Not Lost in Space, talk by Lisa Yaszek

Not Lost in Space:
Scence and Technology as Women's Work in Postwar Science fiction
Lisa Yaszek, LCC, 27th September 2005, Georgia Tech.

I went to a very interesting open lecture today. Lisa Yaszek, who started the Science Fiction Lab (
at LCC at Georgia Tech spoke about science fiction written by women during the cold war. The fear of a nuclear war was then very real, and women worked outside the home, getting professional careers. Common themes in the fiction was how to survive and cope after the third world war, and how to balance a professional career with having a family.
Yaszek showed how these authors actually offered (fictional) solutions to these problems, that were of great immediate importance at the time. Dystopias, radical and often absurd and scary components.
She also punktures the myth that it was mostly male authors who established the genre in the fifties: During her research Yaszek found a lot of texts by female authors. Forgotten, as it seem to be in most genres.
What i found most interesting was Yaszek mentioned in the end of her speech; of identifying narrative structures in fiction written in times of change.

Some notes i threw down during the speech:

(the title "not lost in space": a tv series from 1960ies)

Dr Maureen Robinson: Scientist and Austronaut.

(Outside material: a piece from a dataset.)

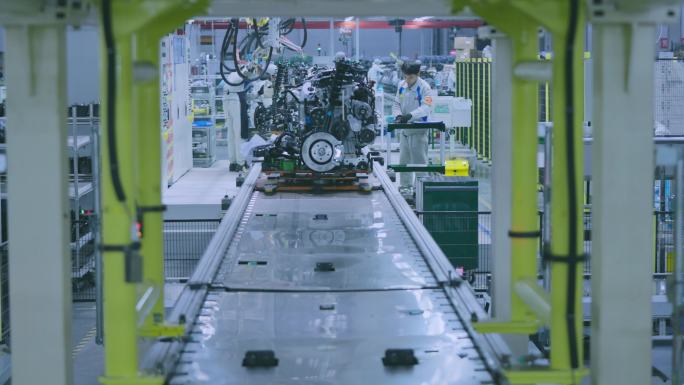 汽车工厂自动化机械臂生产线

At these times, frequent theme of how women would cobine professional work with mother-role. Coiche between children and career. (showing a hilarius picture)

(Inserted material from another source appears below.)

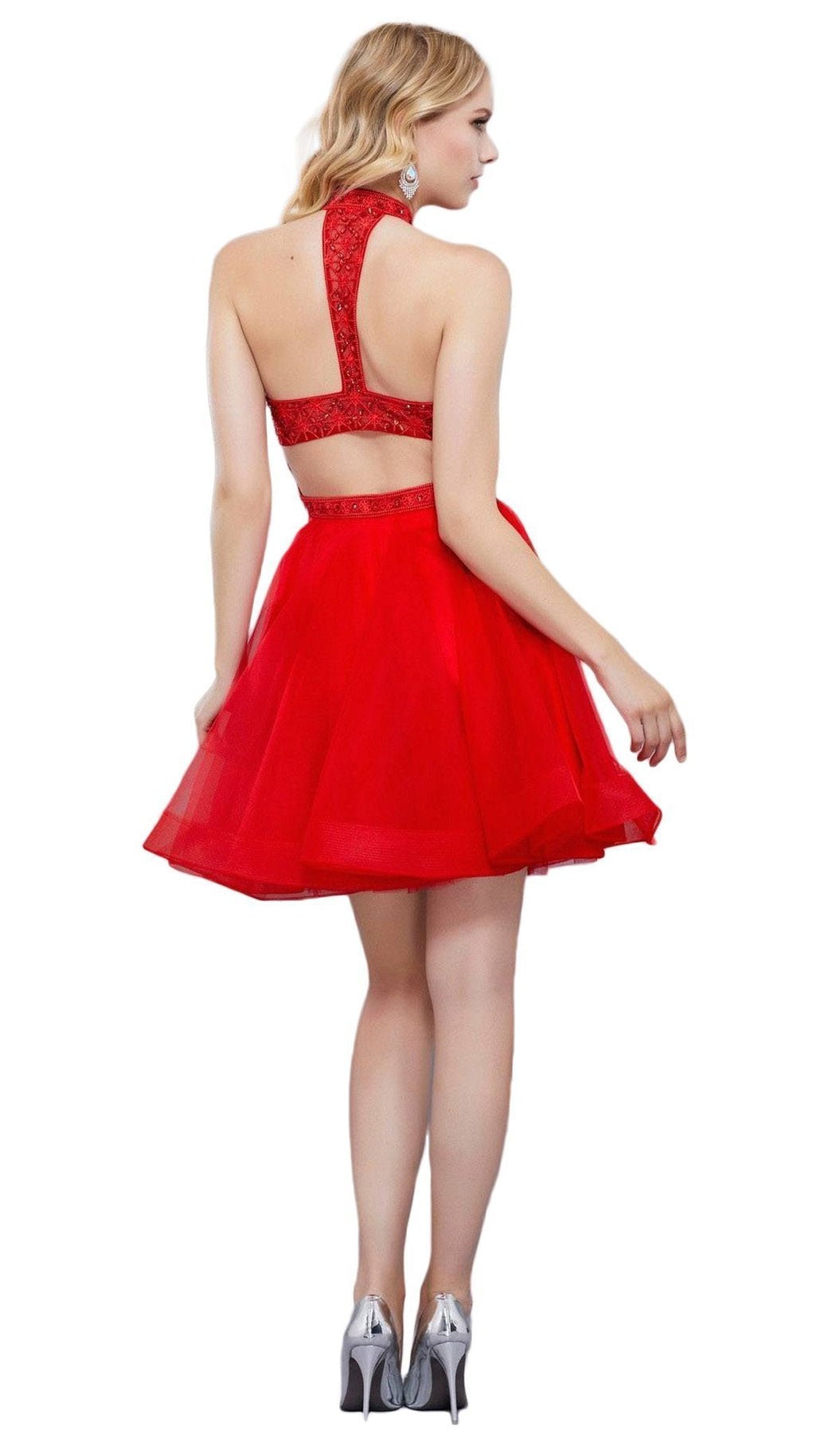 Nox Anabel - 6316 Illusion High Halter A-line Dress Special Occasion Dress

Yaszek found a lot of female post war writers creating "galactic suburbia" Wimens love, life and work.
Creating fiction where females escape the fate of Maureen Robson. They do work professionaly, but in a 'female' way; caring.

New patterns in society: domestic mashines that females use. Sowing mashines etc.

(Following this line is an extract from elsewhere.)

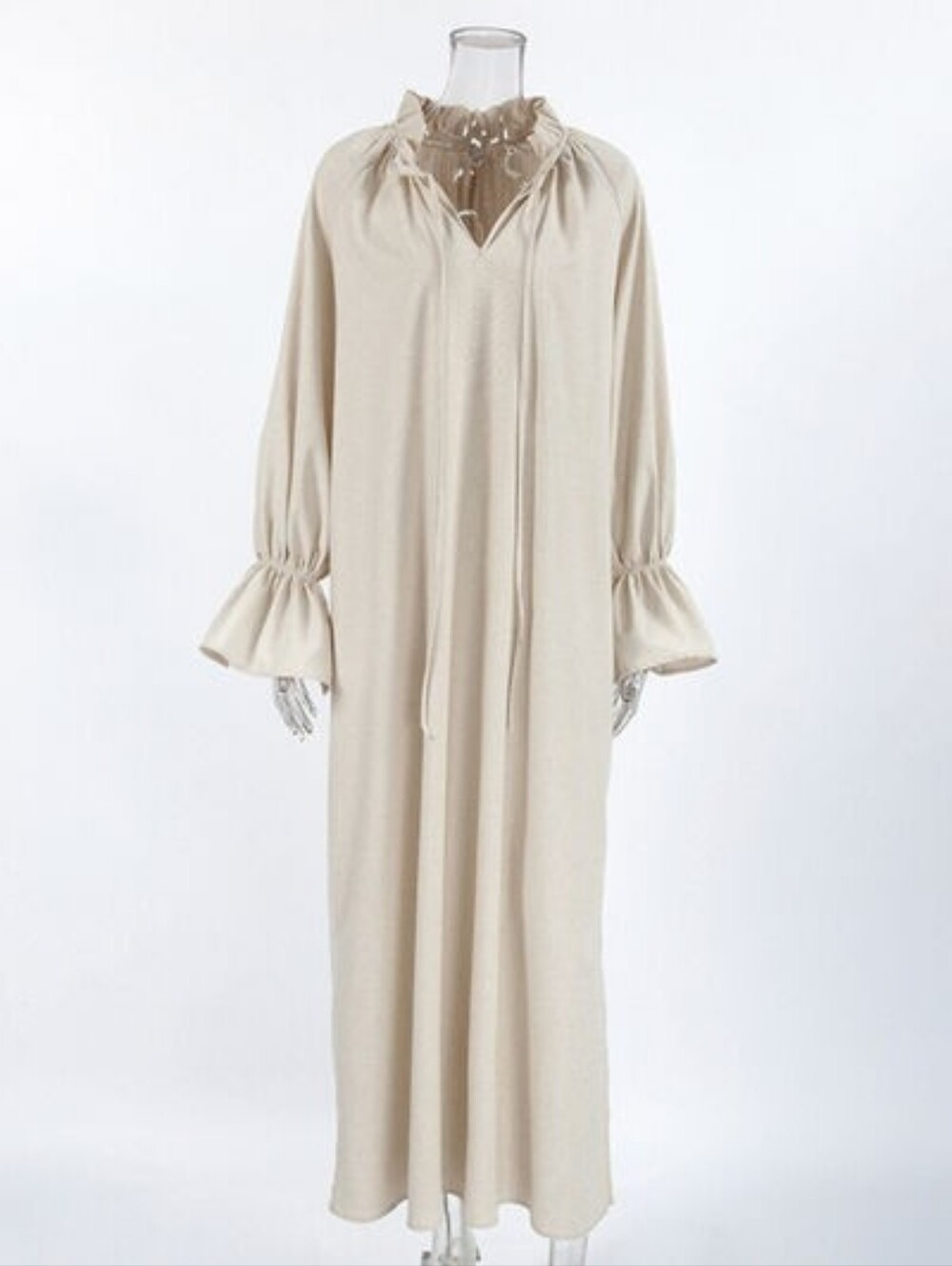 Women's Cream Long Sleeve Ruffle Cuff Dress with Burgundy Belt - Picture 4 of 8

Postwar rapid domestic industrialization.

...women as cold warriors at home, bombshelters etc. Displays pics from Life Magasine 1959. Civil defence.

Radical motherhood. Women strike for peace - group.

//speaks extremely rapidly.

Explanation of why Soviet won the space race: they had both male and female technoscientists. NASA started a women in space program, which however didnt stay active for very many eards (till 1962)
Jerri Cobb.

Two story types
Nuclar war stories. -> towards barbarism from civilization or vice versa. Surviving world war III

Judith Merril 1923 - 1997
Mutated children. Setting in post war japan. Nuclear family with disabled child.

Alice Eleanor Jones
At the time:
Female peace movement.
Adjusting to a future with a nuclear war. As a reality.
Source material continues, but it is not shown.